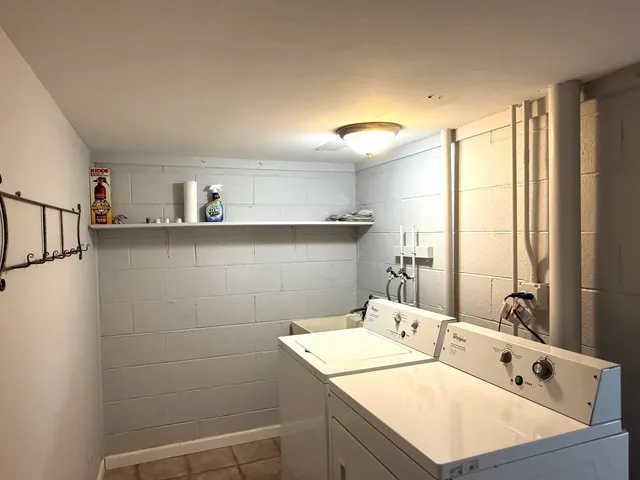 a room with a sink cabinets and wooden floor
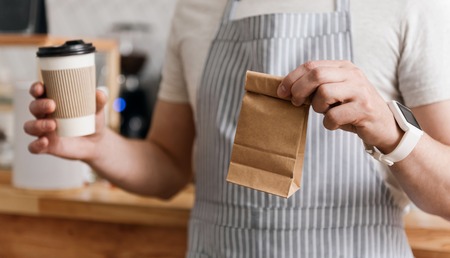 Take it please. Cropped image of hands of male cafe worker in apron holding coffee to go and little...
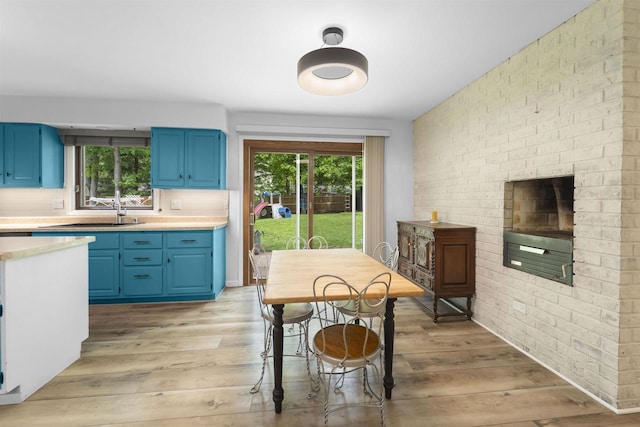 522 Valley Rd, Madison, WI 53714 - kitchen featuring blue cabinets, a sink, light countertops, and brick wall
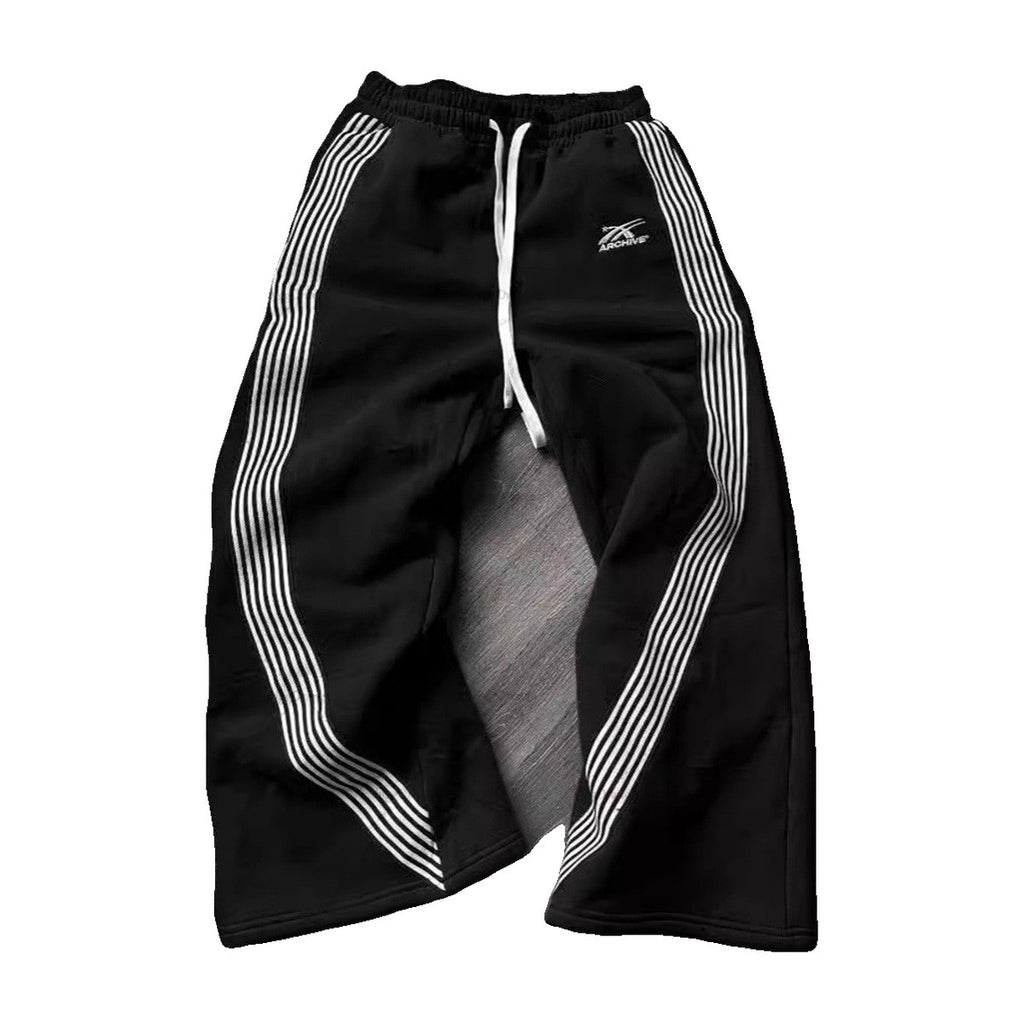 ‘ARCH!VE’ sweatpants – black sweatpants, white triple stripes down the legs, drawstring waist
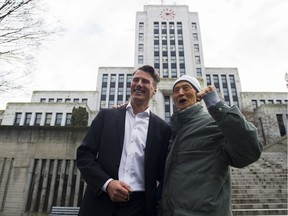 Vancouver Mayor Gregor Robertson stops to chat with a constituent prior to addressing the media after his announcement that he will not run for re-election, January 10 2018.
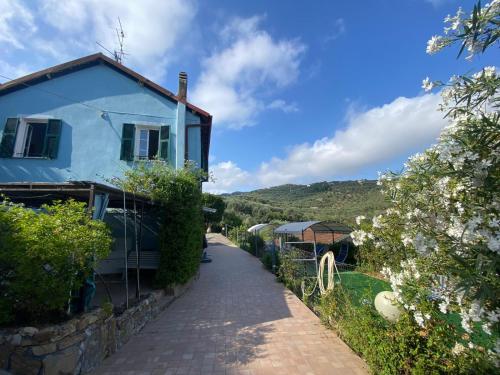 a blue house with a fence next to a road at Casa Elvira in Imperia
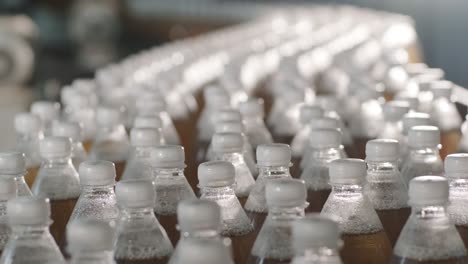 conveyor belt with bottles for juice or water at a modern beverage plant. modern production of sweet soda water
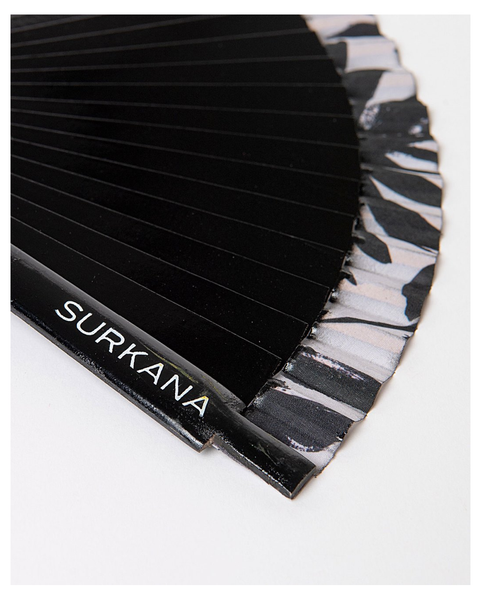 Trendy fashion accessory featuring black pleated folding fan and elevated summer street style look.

·····

■ GOAL OF THE EXERCISE ■
Pictures in the material above should be skipped; print exactly the lines from the one with "legs, drawstring waist" through the one with "a blue house".

■ RESPONSE BELOW ■
 ‘ARCH!VE’ sweatpants – black sweatpants, white triple stripes down the legs, drawstring waist
 Vancouver Mayor Gregor Robertson stops to chat with a constituent prior to addressing the media after his announcement that he will not run for re-election, January 10 2018.
 a blue house with a fence next to a road at Casa Elvira in Imperia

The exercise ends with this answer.